■ Assignment: Select, from the material below, each line with "Hello" in it.

■ Data records:
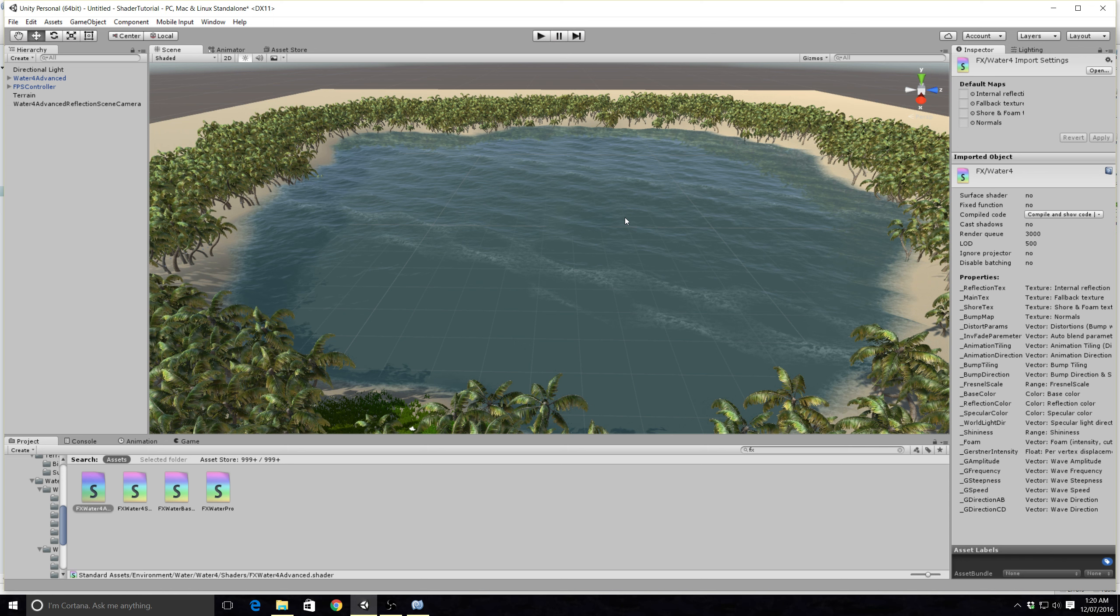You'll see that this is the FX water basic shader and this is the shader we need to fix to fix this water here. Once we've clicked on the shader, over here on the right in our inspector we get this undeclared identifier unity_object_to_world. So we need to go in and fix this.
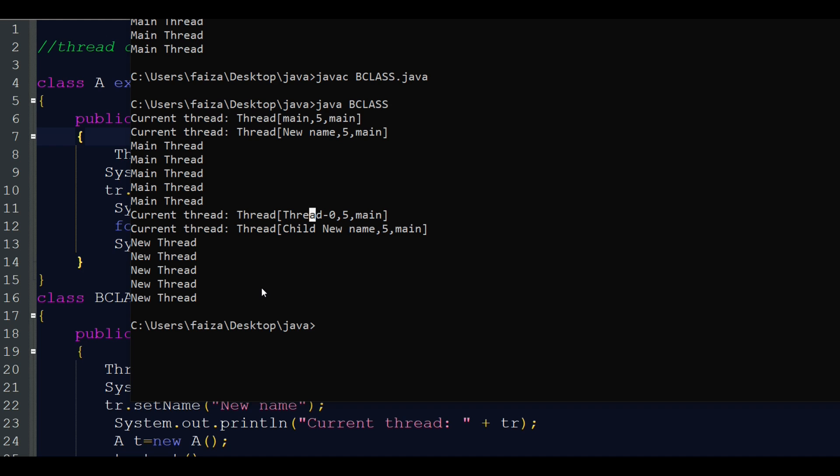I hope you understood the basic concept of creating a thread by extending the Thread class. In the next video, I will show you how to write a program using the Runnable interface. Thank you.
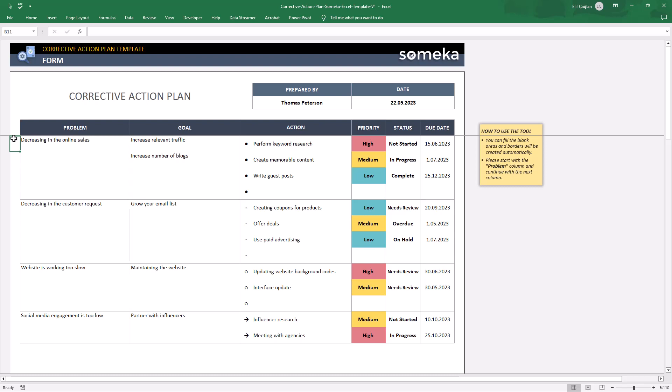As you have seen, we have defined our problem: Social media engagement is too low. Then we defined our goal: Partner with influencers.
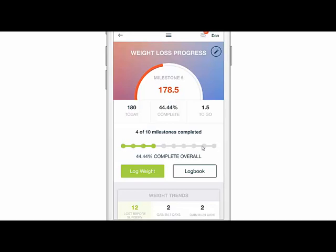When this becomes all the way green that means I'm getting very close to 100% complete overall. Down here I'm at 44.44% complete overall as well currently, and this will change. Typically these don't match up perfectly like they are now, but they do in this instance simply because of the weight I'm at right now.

* * *

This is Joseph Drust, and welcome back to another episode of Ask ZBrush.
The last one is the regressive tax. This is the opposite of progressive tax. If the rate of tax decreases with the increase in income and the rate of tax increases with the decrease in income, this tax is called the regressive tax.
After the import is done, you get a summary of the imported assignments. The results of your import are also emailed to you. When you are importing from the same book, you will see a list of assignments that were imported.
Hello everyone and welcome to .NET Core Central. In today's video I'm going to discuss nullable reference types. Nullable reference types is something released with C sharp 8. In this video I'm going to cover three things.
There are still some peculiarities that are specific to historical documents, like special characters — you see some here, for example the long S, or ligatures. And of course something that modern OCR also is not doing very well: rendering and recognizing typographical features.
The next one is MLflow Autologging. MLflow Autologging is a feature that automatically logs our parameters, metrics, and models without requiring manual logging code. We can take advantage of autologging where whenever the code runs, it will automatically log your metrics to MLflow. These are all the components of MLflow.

==

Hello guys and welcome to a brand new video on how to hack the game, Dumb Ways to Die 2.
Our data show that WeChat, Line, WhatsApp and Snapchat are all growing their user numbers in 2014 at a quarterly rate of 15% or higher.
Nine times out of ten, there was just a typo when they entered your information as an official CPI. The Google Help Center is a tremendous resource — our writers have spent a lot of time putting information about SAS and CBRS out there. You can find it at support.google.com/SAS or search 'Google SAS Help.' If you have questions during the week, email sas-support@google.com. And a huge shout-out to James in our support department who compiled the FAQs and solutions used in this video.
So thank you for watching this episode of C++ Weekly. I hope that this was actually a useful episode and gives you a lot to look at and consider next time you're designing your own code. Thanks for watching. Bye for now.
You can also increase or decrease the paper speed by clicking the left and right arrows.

■ Answer space:
Hello everyone and welcome to .NET Core Central. In today's video I'm going to discuss nullable reference types. Nullable reference types is something released with C sharp 8. In this video I'm going to cover three things.
Hello guys and welcome to a brand new video on how to hack the game, Dumb Ways to Die 2.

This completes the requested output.